香月孝史『乃木坂46のドラマトゥルギー──演じる身体/フィクション/静かな成熟』(青弓社)。

香月孝史『「アイドル」の読み方──混乱する「語り」を問う』(青弓社ライブラリー)。

香月孝史『乃木坂46のドラマトゥルギー──演じる身体/フィクション/静かな成熟』(青弓社) は、刊行されてほどない 5月ごろに読んだ。まずもってとても面白く、そして冷静な一冊である。
結成初期の段階では、同じく秋元康の手になる先行プロジェクト・AKB48との対比において、「劇場(活動拠点となる小屋)をもたない」ということが相違点として言われた乃木坂46だが、両者のこの形式的なちがいを、プロデューサー・秋元康のエンタメ観の基底にどうやらあるらしい〈舞台演劇へのかなり素朴な憧れ〉の発露の仕方のちがいとして読む著者は、AKB48グループが常設劇場という〈場〉あるいは〈上演形式〉としての側面から演劇に接近したのにたいして、より直接に〈上演内容〉としての演劇らしさを託され、担わされたのが乃木坂46だとし、じっさい彼女らの重要な活動フィールドとなっていく舞台公演の数々を読み解く作業を補助線としながら、アイドルとはいったい何を「上演」するものなのだろうかという広範な問いを扱っていく。

 アイドルという特有の職能は、どのようにして何を演じることができるのか。あるいは、何を演じる必要がないのか。
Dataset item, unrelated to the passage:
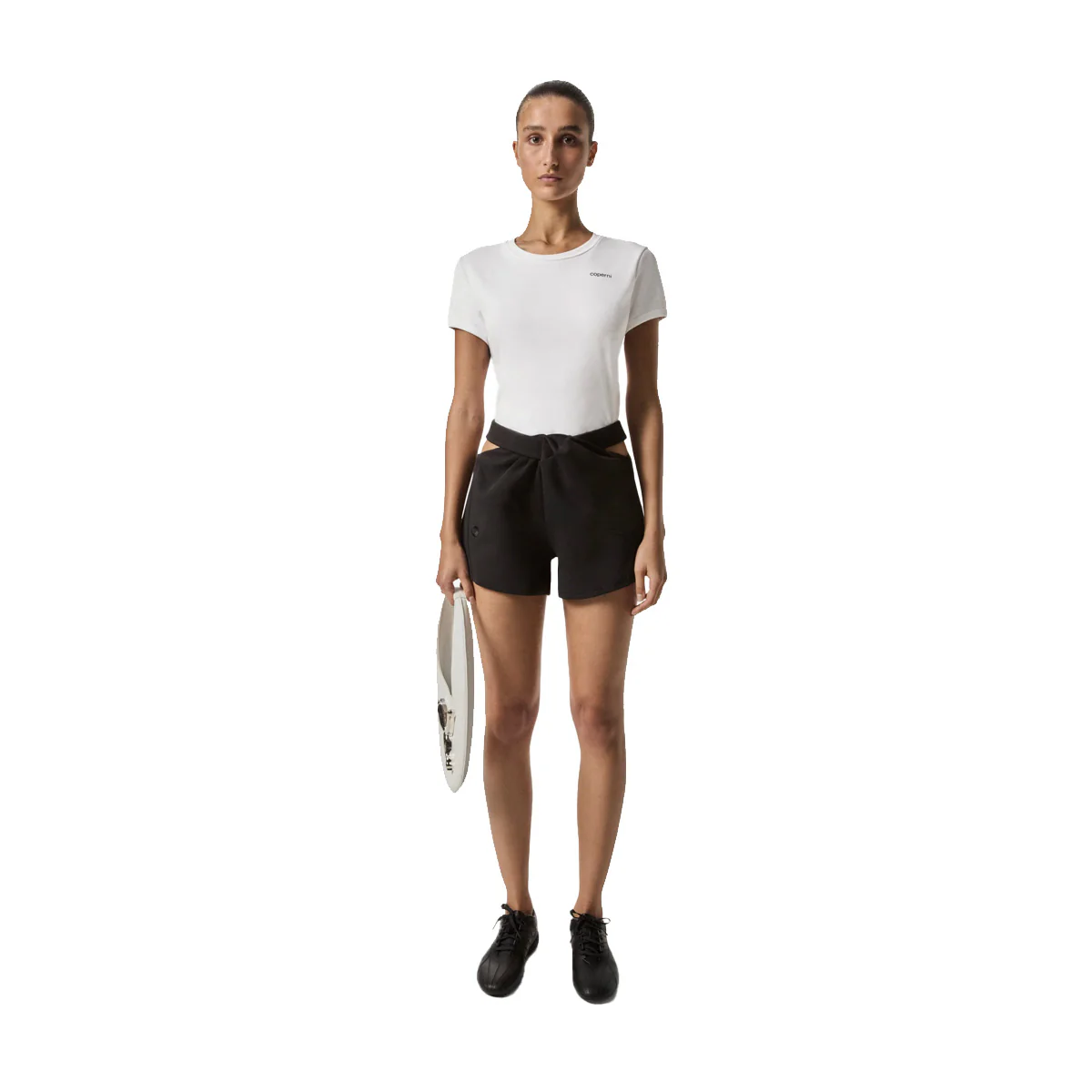 + PUMA Wmns Shorts 'PUMA Black' - Image 2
本書で示してきたのは、現在地からアイドルをめぐる想像力を更新するための、そんな問いかけである。
香月孝史『乃木坂46のドラマトゥルギー──演じる身体/フィクション/静かな成熟』(青弓社)、p.251、太字強調は引用者

というふうに(いったん)締められる本書だが、ここでより注意を促しておきたいのは「何を演じる必要がないのか」という問いかけのほうであり、そこには、たとえばエイジズムや異性愛主義をめぐって「旧来的な価値意識の名残を引き受けやすいジャンル」( p.123)であり、「前時代的な抑圧のコードを温存しやすい場」( p.116)である現在の〈アイドルというジャンル〉において、「女性アイドルたちの“主体的”な実践はときに、当の女性自身への抑圧と共振してしまう」( p.121)ことへの問題意識がつらなっている。
AKB48によっておおよそ現在的なイメージが確立されたところのアイドル的枠組み──恣意的な負荷によって生じる「戦場」/ハイライトとしての「卒業」/などなど──にたいして、メンバー個々がときに戸惑い、ためらい、「順応しない」ことや「距離を置く」ことによってそこからの逸脱を静かに体現してみせてきたという概観のもと、その乃木坂46のグループキャリアのなかに著者が見いだすのが、「過酷さの上演」ではない、〈「静かな成熟のさま」を上演すること〉の可能性なのだが、とはいえ、グループアイドルシーンの現在地に萌芽したその可能性を称賛するにあたって著者は、それをたんに乃木坂46というグループへの称賛として語ってしまうことを入念に回避してもいる。というのも、〈凡百のアイドルとちがって乃木坂46は……〉といった語り口にこそ根源的な〈アイドルの困難=理解されにくさ〉が宿っているからであり、そして、そうした語り口に暗に含まれている(男たちの)規範意識と、否定されるべき「前時代的な抑圧のコードを温存しやすい場」としてのアイドル文化とはきっと通底している。その意味で本書は、わかりやすい解を差し出そうとするヒロイックな欲望を排し、フェミニズム的な愚直さのなかにどこまでも留まろうとする。
本書を読むより先に、同じ著者の「『欅坂46はアイドルを超えた』その称賛が見逃していること──私たちは『アイドル』に何を見てきたか」というネット記事を目にしたのだが、本書が抱える問題意識──あるいは苛立ち──のひとつについては、こちらの記事のほうがよりわかりやすいかもしれない。欅坂46が呼び込んだ両極端の反応──「アイドルらしからぬ」テーマ性・メッセージ性への称賛と、大人たちにすべてお膳立てされたうえで大人たちへの抵抗を歌うという滑稽な「アイドル」への冷笑──は、けっきょくどちらも「アイドル」という職能の実践を捉えそこねている点で同じ想像力の地平にある。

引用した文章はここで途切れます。